August 31, 2005
Keeping the feeling alive
The Chinese university culture still shocks me.
Exhibit A: Getting our class schedules. Each semester it’s been a different drill. Last semester I didn't get my class scedule until halfway through the first class I was supposed to teach. I tried to get this semester’s schedule at the beginning of summer vacation but was told the foreign teachers’ schedules wouldn’t be ready till later. The vacation passed and the beginning of school approached; with a little sleuthing and help from students I was able to navigate the school’s website enough to find what I thought were Naomi’s and my schedules: Foreign Teacher 1 and Foreign Teacher 2. I adjusted myself to the prospect of teaching Business Writing; I was to teach some of the same students I taught last semester, whom I liked. I had no classes on Mondays.
Sunday arrived, the day before classes began. We were summoned at about 10:00 in the morning to the English Department office to pick up our schedules. Lo and behold, my Foreign Teacher number was changed to 5. My classes were completely different from what I expected. I couldn’t have planned in advance if I’d wanted to. My first class was 8:00 the next morning.
Exhibit B: This morning one of my former students came over for my Chinese lesson. After we finished going over my lesson she pulled a stack of papers out of her bag: her classmates’ reports on their summer vacations. As the class monitor, she had to collect them. They were required by the school authorities to write 3000-5000 words about the "social practice" they did this summer – work, study, or practical experience – and have a form stamped by their employer. The form they were given at the beginning of the summer; the report they had learned about the day before. I asked if some of the students had “invented” material for their reports. Of course, she said. In fact, she had gotten a few extra blank forms stamped in case anyone needed one.

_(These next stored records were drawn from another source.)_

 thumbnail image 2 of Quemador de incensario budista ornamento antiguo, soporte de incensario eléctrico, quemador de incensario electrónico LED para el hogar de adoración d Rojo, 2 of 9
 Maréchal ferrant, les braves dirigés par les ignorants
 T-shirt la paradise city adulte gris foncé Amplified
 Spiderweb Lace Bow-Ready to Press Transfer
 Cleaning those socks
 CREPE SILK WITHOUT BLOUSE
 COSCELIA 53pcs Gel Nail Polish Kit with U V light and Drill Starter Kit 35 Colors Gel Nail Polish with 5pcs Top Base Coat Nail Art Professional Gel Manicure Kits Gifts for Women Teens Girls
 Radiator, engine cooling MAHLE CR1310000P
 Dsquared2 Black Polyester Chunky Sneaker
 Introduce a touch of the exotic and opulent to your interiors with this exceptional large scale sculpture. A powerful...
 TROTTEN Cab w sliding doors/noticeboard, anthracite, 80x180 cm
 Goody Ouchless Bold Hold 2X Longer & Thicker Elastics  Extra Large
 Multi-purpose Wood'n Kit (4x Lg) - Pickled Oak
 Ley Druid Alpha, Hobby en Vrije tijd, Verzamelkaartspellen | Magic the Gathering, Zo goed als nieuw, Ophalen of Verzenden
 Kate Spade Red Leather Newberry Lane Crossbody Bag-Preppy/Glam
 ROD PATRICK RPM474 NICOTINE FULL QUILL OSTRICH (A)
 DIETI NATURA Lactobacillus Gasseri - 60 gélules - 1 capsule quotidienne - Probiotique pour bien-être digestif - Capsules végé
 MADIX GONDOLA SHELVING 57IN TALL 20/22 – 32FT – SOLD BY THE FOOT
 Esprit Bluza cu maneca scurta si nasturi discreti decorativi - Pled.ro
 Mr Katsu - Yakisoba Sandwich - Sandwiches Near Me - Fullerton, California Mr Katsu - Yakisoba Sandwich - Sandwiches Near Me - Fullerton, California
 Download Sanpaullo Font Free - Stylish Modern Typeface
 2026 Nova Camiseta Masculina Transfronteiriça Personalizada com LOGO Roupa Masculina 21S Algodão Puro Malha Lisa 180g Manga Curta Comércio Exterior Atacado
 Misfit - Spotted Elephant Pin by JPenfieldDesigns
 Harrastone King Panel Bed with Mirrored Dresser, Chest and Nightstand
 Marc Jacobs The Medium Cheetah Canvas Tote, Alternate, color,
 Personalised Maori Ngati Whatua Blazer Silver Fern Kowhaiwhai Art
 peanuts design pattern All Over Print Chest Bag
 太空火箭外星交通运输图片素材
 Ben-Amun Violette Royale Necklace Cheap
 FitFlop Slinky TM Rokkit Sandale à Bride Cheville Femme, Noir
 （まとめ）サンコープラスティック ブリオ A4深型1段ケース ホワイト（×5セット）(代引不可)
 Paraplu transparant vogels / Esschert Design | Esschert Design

Exhibit C: Our first English department meeting of the semester. Four of the seven foreign teachers employed by the English department were in attendance, as well as a dozen and a half Chinese teachers. Mr. Sun, our “leader”, introduced the four of us, politely exaggerating our qualifications and experience. Then he said he trusted that, as foreign teachers, we would do our best to teach writing and oral English to ensure that the upcoming assessment of our school’s English Department by the Chinese Ministry of Education would be successful. This would include making “files” of our teaching, “doing research with our Chinese colleagues,” and “organizing last semester’s test papers.” The assessment is scheduled for next June. Thankfully, Naomi and I will be long gone by then.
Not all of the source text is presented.